The John Crow Flies at Noon

Last summer, I had returned home for the first time in years. My family’s house outside Montego Bay, like many things with the distance of time, had become a romantic vision in my head. I hadn’t been home since I was 14 and I hadn’t been in the house for longer than a week since I was 12. It feels bizarre trying to return to a rhythm that you’ve been apart from in so long. I found myself wandering around it aimlessly, staring out towards the horizon trying to recall what it was like when I saw this as just a normal home and not the place of worship I had created in my mind. 

Quite often, I would find myself sunbathing with a book, roasting my pale body to a crisp while a tan refused to set. It was about my third day of performing this ritual when I noticed a pattern. At around noon, every day, a John Crow would make one sweep around the house before disappearing. 

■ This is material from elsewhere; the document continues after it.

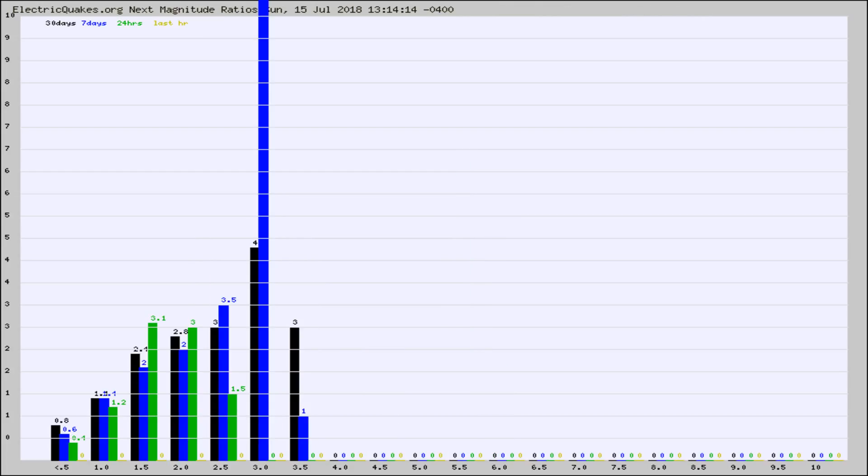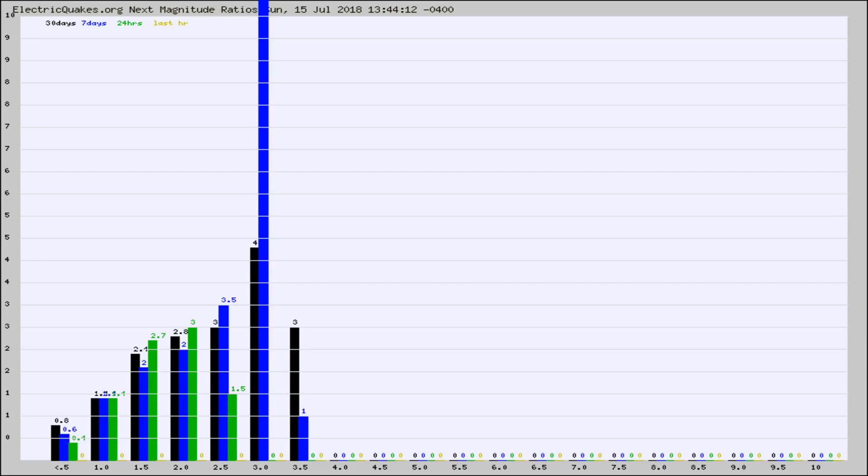And now you're seeing the same thing for just the subset area in California. Again, the black column is 30 days, blue is 7, green is 24 hours, and gold is in the last hour. Any ratios out of whack will show up as a red column and may indicate a new earthquake might occur at the higher next magnitude.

A John Crow is not a crow at all but rather a vulture. To be exact, it’s a turkey vulture. A hunched body with black feathers, massive claws and a raw pink head from which a sharp beak protrudes - up close, the John Crow is not a looker. They scavenge any decaying and decomposing creature and usually pick the carcass clean. At first when I saw him swooping by, I assumed that I was the closest thing resembling a bloated cadaver in the creature’s radius and everyday he came to check if I was still alive. But I realised, even without me offering my body up for the John Crow’s lunch I would see him swoop by, even when I myself was eating inside. 

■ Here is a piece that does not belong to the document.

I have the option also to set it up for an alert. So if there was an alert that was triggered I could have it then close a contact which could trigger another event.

I found myself waiting for the single bird to fly past and although he wouldn’t come everyday, he slowly became a constant. I wanted to name him, but I never came up with one that satisfied me. I played with Ringo for a bit - I thought naming him after a Beatle like the vultures in The Jungle Book would be fun - but it didn’t suit him, so I just stuck with John Crow. It’s a name within itself. 

I’ve always thought that John Crows were strangely beautiful. Maybe not up close (up close their resemblance is uncanny to a few sunburnt octogenarians I had encountered in the UK) but if you ever see John Crows fly, you would understand. They hardly flap their wings and instead, lay them out against the sky, riding the invisible wind currents. They’re never in a rush. They fly in the way humans desire to fly, not relentless flapping like other vermin (pigeons) but wings out, soaring in the open air. 

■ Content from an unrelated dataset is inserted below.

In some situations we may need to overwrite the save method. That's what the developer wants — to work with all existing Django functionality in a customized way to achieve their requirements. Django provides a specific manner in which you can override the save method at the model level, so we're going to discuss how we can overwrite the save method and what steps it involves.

A lot of Jamaicans do not like John Crows. For a large number of people, a John Crow flying over my house would be an omen of death - some design of Obeah (a type of ritualistic Jamaican witchcraft). As omens go, it’s a bit heavy handed. The black bird which eats dead things is a symbol for death; I think we could’ve been more creative with that one. Therefore, the John Crow is hated not for what it is, but for what it represents.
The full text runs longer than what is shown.